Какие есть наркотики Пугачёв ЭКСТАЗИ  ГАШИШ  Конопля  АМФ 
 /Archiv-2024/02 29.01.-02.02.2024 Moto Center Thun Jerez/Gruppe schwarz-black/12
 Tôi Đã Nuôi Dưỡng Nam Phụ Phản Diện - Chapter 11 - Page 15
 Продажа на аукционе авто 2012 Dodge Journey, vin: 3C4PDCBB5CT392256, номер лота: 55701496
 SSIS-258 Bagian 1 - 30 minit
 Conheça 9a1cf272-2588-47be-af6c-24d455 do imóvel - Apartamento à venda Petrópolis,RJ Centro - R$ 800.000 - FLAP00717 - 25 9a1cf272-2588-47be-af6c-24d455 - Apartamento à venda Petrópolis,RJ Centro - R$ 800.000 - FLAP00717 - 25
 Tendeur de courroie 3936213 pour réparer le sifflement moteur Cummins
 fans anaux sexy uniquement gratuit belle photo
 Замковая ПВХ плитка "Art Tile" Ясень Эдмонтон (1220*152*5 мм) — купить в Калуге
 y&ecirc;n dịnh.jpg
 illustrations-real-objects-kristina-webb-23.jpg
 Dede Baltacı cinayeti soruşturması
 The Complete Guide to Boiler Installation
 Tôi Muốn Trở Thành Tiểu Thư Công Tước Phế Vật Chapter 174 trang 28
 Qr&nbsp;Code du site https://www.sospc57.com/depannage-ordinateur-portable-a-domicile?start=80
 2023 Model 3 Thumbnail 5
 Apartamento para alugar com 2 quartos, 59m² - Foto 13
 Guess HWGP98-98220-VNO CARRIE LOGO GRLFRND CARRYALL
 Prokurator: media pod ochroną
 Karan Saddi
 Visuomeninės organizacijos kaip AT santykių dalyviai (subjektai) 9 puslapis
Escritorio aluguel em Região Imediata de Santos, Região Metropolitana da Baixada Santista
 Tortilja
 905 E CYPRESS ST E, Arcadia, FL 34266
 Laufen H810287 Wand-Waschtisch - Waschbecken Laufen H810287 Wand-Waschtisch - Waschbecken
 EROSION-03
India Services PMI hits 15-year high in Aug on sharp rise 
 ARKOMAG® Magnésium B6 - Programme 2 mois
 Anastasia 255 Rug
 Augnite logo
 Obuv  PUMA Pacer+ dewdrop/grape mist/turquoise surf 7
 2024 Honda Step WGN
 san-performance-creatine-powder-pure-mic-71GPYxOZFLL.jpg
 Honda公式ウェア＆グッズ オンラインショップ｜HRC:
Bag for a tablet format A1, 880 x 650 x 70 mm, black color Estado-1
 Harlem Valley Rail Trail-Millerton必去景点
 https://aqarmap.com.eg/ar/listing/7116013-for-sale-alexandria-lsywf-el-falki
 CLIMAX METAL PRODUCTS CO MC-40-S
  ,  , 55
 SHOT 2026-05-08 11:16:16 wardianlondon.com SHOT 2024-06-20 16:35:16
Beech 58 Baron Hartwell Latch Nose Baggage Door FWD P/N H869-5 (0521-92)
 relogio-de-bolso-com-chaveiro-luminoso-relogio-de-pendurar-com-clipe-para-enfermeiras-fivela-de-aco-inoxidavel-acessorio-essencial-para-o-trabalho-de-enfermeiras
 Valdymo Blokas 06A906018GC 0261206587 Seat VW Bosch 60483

= How to complete this task =
Write the whole listing out again exactly.

= Response to the task =
Какие есть наркотики Пугачёв ЭКСТАЗИ  ГАШИШ  Конопля  АМФ 
 /Archiv-2024/02 29.01.-02.02.2024 Moto Center Thun Jerez/Gruppe schwarz-black/12
 Tôi Đã Nuôi Dưỡng Nam Phụ Phản Diện - Chapter 11 - Page 15
 Продажа на аукционе авто 2012 Dodge Journey, vin: 3C4PDCBB5CT392256, номер лота: 55701496
 SSIS-258 Bagian 1 - 30 minit
 Conheça 9a1cf272-2588-47be-af6c-24d455 do imóvel - Apartamento à venda Petrópolis,RJ Centro - R$ 800.000 - FLAP00717 - 25 9a1cf272-2588-47be-af6c-24d455 - Apartamento à venda Petrópolis,RJ Centro - R$ 800.000 - FLAP00717 - 25
 Tendeur de courroie 3936213 pour réparer le sifflement moteur Cummins
 fans anaux sexy uniquement gratuit belle photo
 Замковая ПВХ плитка "Art Tile" Ясень Эдмонтон (1220*152*5 мм) — купить в Калуге
 y&ecirc;n dịnh.jpg
 illustrations-real-objects-kristina-webb-23.jpg
 Dede Baltacı cinayeti soruşturması
 The Complete Guide to Boiler Installation
 Tôi Muốn Trở Thành Tiểu Thư Công Tước Phế Vật Chapter 174 trang 28
 Qr&nbsp;Code du site https://www.sospc57.com/depannage-ordinateur-portable-a-domicile?start=80
 2023 Model 3 Thumbnail 5
 Apartamento para alugar com 2 quartos, 59m² - Foto 13
 Guess HWGP98-98220-VNO CARRIE LOGO GRLFRND CARRYALL
 Prokurator: media pod ochroną
 Karan Saddi
 Visuomeninės organizacijos kaip AT santykių dalyviai (subjektai) 9 puslapis
Escritorio aluguel em Região Imediata de Santos, Região Metropolitana da Baixada Santista
 Tortilja
 905 E CYPRESS ST E, Arcadia, FL 34266
 Laufen H810287 Wand-Waschtisch - Waschbecken Laufen H810287 Wand-Waschtisch - Waschbecken
 EROSION-03
India Services PMI hits 15-year high in Aug on sharp rise 
 ARKOMAG® Magnésium B6 - Programme 2 mois
 Anastasia 255 Rug
 Augnite logo
 Obuv  PUMA Pacer+ dewdrop/grape mist/turquoise surf 7
 2024 Honda Step WGN
 san-performance-creatine-powder-pure-mic-71GPYxOZFLL.jpg
 Honda公式ウェア＆グッズ オンラインショップ｜HRC:
Bag for a tablet format A1, 880 x 650 x 70 mm, black color Estado-1
 Harlem Valley Rail Trail-Millerton必去景点
 https://aqarmap.com.eg/ar/listing/7116013-for-sale-alexandria-lsywf-el-falki
 CLIMAX METAL PRODUCTS CO MC-40-S
  ,  , 55
 SHOT 2026-05-08 11:16:16 wardianlondon.com SHOT 2024-06-20 16:35:16
Beech 58 Baron Hartwell Latch Nose Baggage Door FWD P/N H869-5 (0521-92)
 relogio-de-bolso-com-chaveiro-luminoso-relogio-de-pendurar-com-clipe-para-enfermeiras-fivela-de-aco-inoxidavel-acessorio-essencial-para-o-trabalho-de-enfermeiras
 Valdymo Blokas 06A906018GC 0261206587 Seat VW Bosch 60483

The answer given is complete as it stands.